# Close up pictures of Bill...



## pmGFK (Feb 27, 2004)

Here's some pictures of my little juvi named Bill, he is hosted in a tank with my 4-5" red named Kill.

Now I know that Bill is not a red and that I need to move him to another tank soon, but I want you guys to help me find what type of P is it ...




























Thanks for all!


----------



## BanditBrother (Nov 8, 2003)

Thats a mannuelli m8!! nice lookin fish by the way!!


----------



## Husky_Jim (May 26, 2003)

xtreme_pingu said:


> Thats a mannuelli m8!! nice lookin fish by the way!!


A MANUELI?????









For sure it is NOT a manueli...








As for proper id it is too young to tell....


----------



## hastatus (Jan 16, 2003)

Not manueli. Try and clean image up more. The tail shows a terminal band, spotting is interesting as is the blemish on the opercle.


----------



## pmGFK (Feb 27, 2004)

Those pictures have been taken with a video camera, so I can't do better for details... I'll try to borrow a real digital camera and have more details...


----------



## hastatus (Jan 16, 2003)

I thinking the fish might be a Pristobrycon, but certainly do need a better photo. The blemish on the opercle reminds me of S. irritans and its known that irritans and some Pristobrycon look similar. Good luck on the digital, certainly would help.

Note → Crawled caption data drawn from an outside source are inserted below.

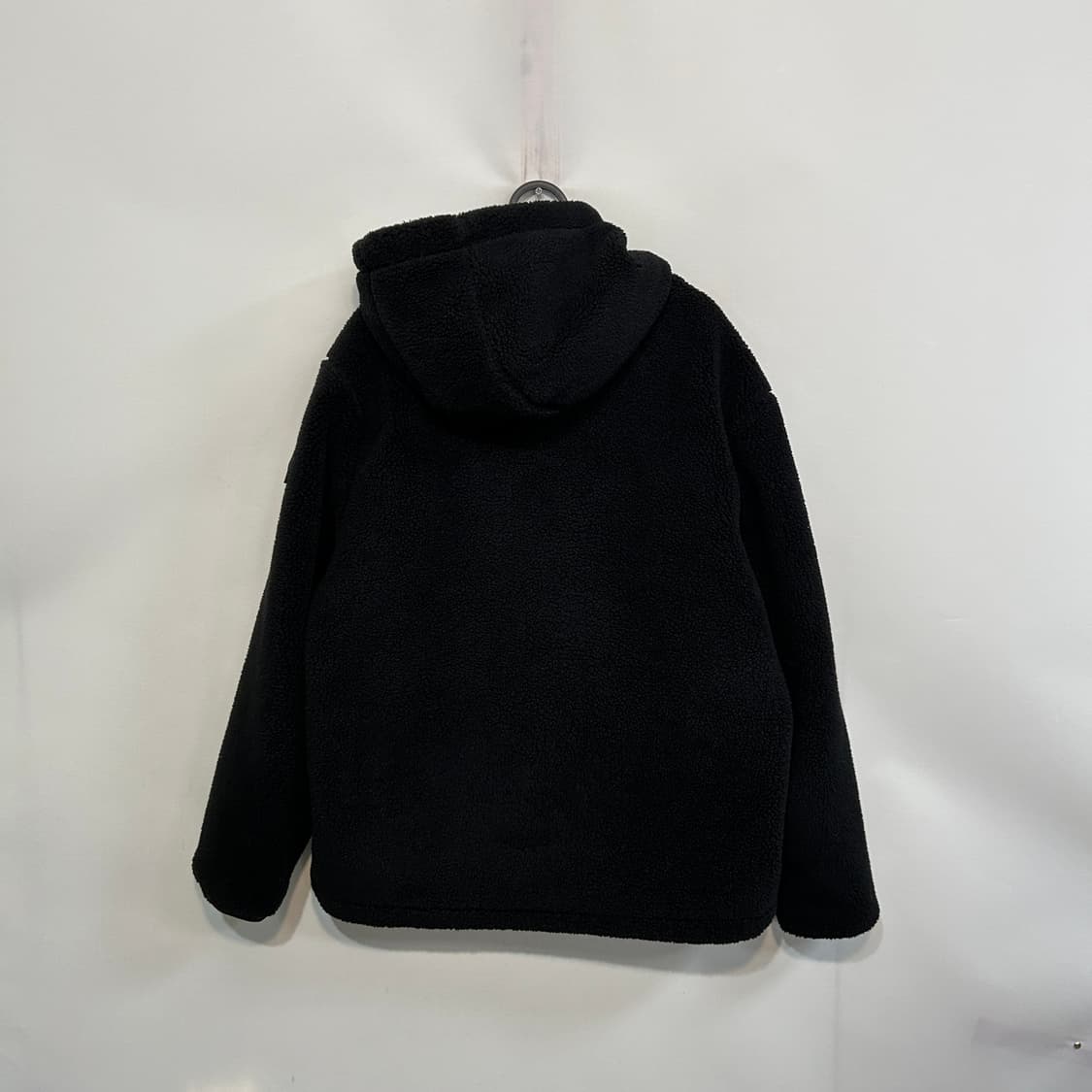 내셔널지오그래픽 2023 남성 후리스 자켓 115 빅사이즈 상품이미지3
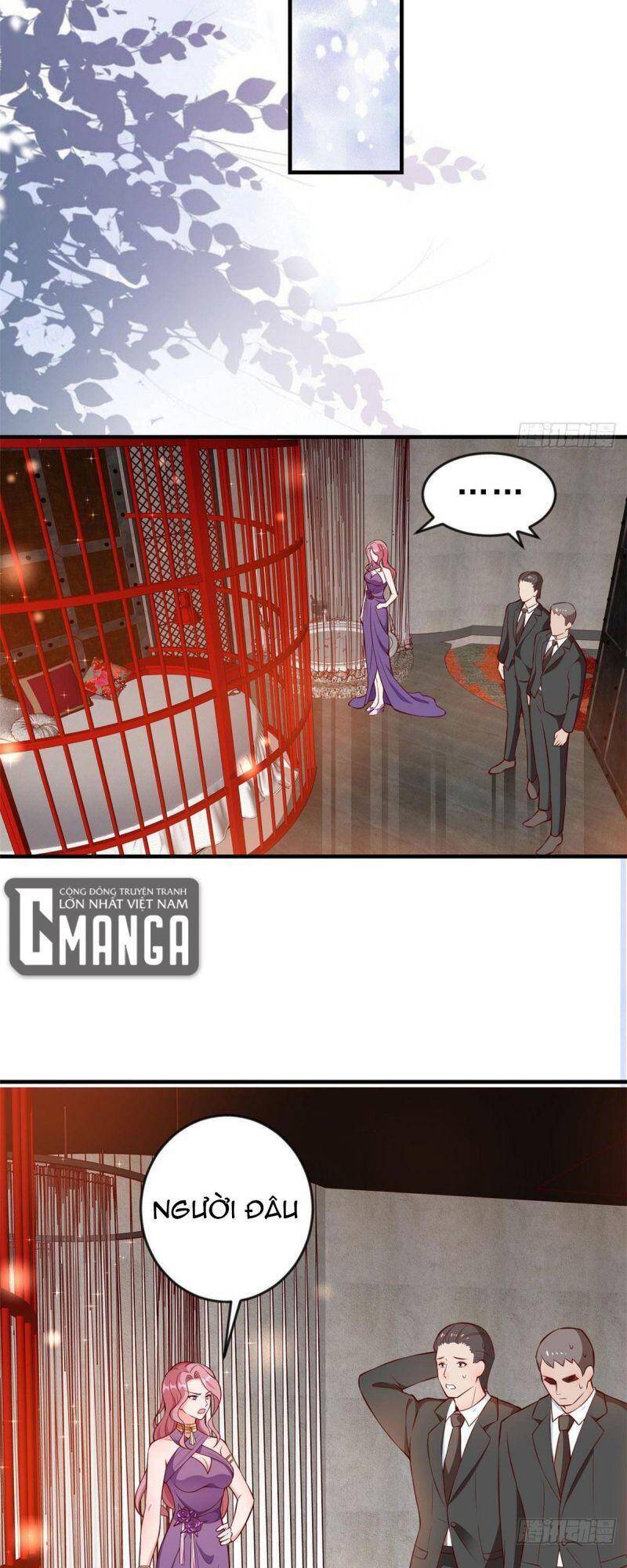 Trở Thành Lão Đại Từ Việc Tiêu Tiền chapter 7 - Trang 45
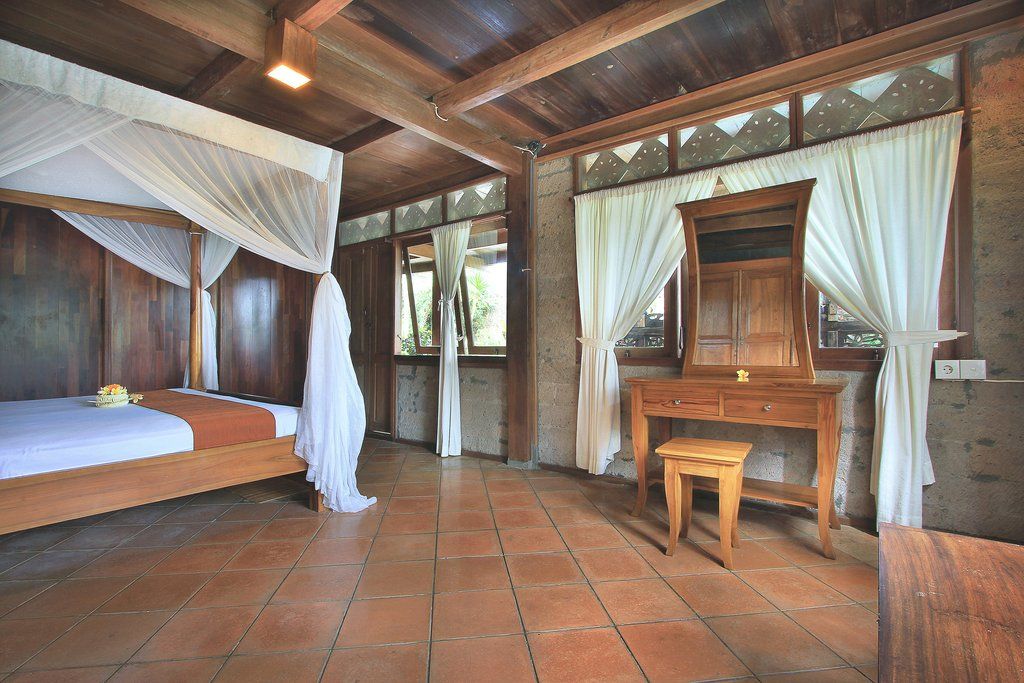 Holiday park Graha Moding Ubud (Bali)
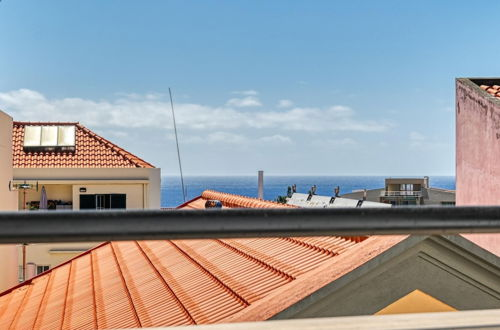 Foto 13 - Beco Santa Emilia 4Q a Home in Madeira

Here is my cleaned up version, still not good enough to say for certain.


----------



## Husky_Jim (May 26, 2003)

the best i could do to the pic.....


----------



## pmGFK (Feb 27, 2004)

Good job Jim!
It's seems to be alive!


----------



## Xenon (Nov 15, 2002)

Seems to be a nice chunk taken out of the gill plate. Seperate these fish


----------



## pmGFK (Feb 27, 2004)

> Seems to be a nice chunk taken out of the gill plate. Seperate these fish


What are you talking about?
It's maybe the quality of the picture that let you think it's an injury, but I can assure you that BIll has no injury at all!!!


----------



## pmGFK (Feb 27, 2004)

R.I.P. Bill, Feb. 2004 - March 2004


----------



## Atlanta Braves Baby! (Mar 12, 2003)

Poor Bill!


----------



## cooldudectd (Mar 4, 2004)

What happened there? One minute you were assuring Xenon that there were no injuries and the next minute I see R.I.P Bill.

That was weird. What did the fish die of?


----------